Although Lac La Ronge Indian Band doesn’t have its own act in place just yet, the Nation says that when it does, its laws regarding child and family services legislation will stand on equal footing with federal law, and will override provincial law, offering a level of protection and autonomy previously unseen.

“This is not just a legal win,” said Cook-Searson. “We see this decision as a catalyst for change, where the rights and welfare of our children will be actively protected by our own laws.
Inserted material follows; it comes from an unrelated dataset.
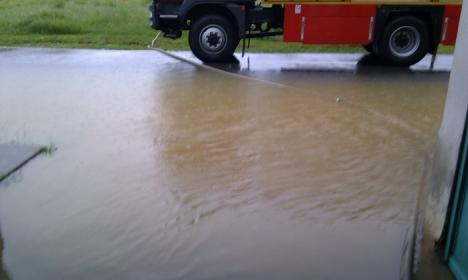 Ploile abundente au inundat locuinţe şi drumuri în Bihor (FOTO)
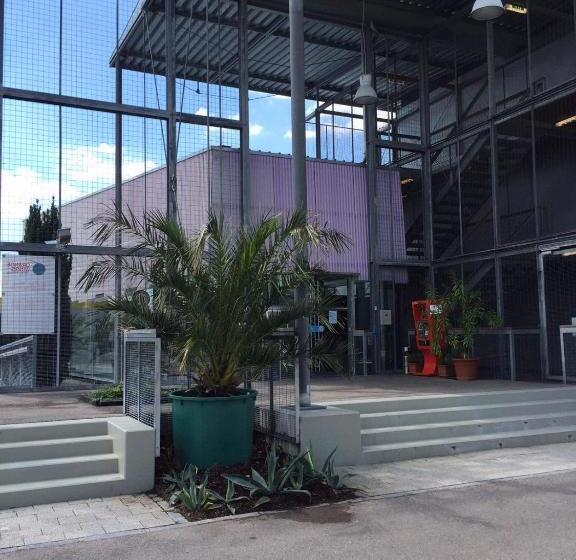 فندق Orange Wings Krems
Moving forward, we will be able to look after our children in ways that reflect our deeply rooted values and tradition, and ensure that they grow up with a strong sense of identity, belonging and pride.”

Cook-Searson added that the law stands in stark contrast to the era of residential schools, the Sixties Scoop and provincial child welfare policies that were aimed to assimilate Indigenous children throughout Canada.

The Indigenous Child Welfare Law became an Act of Parliament on June 21, 2019. The bill’s purpose is to recognize First Nations, Inuit and Métis jurisdiction over child and family services, as part of an inherent Indigenous right to self-governance in response to the Truth and Reconciliation Commission’s Call to Action #4.

In a statement, the Supreme Court of Canada said that the pith and substance of the act is to protect the well-being of Indigenous children, youth and families by promoting the delivery of culturally appropriate child and family services and, in so doing, to advance the process of reconciliation with Indigenous peoples.

“This ruling reaffirms the sovereignty of our Nation’s Acts and Legislations that supersede Canadian laws over the rights of our children,” said Cowessess First Nation Chief Erica Beaudin in a statement. “The miyo-pimatisiwin Act, and our own Constitution Act reaffirm what we as a Nation have always held true: Cowessess First Nation is a sovereign nation with the ability to create, implement and enforce our own acts, legislations and structures according to our inherent Treaty Rights.”

The miyo-pimatisiwin Act was established in April 2021, asserting jurisdiction over Cowessess First Nations children in care on and off reserve. Cowessess was the first First Nation to develop and implement its own act governing the rights of the child, building upon Bill C-92.

Beaudin also commended Gitxsan child welfare activist Cindy Blackstock and her team for paving the way for legislation benefitting Indigenous children and families.

“Just as families across the country have the right to raise their children in culturally appropriate surroundings, so too do Canada’s Métis, First Nations and Inuit peoples,” said Métis Nation Saskatchewan’s Vice President and Minister of Justice Michelle LeClair in a statement Friday. LeClair commended the nation’s highest court for its “thoughtful and meaningful deliberation” and welcomed the landmark victory.

Hajdu and Anandasangaree also commended the victory.

“Today’s opinion upholds a groundbreaking law in this country that affirms the right of Indigenous communities to care for their children and keep them connected to their culture, something families have waited a long time for,” said a statement following the decision.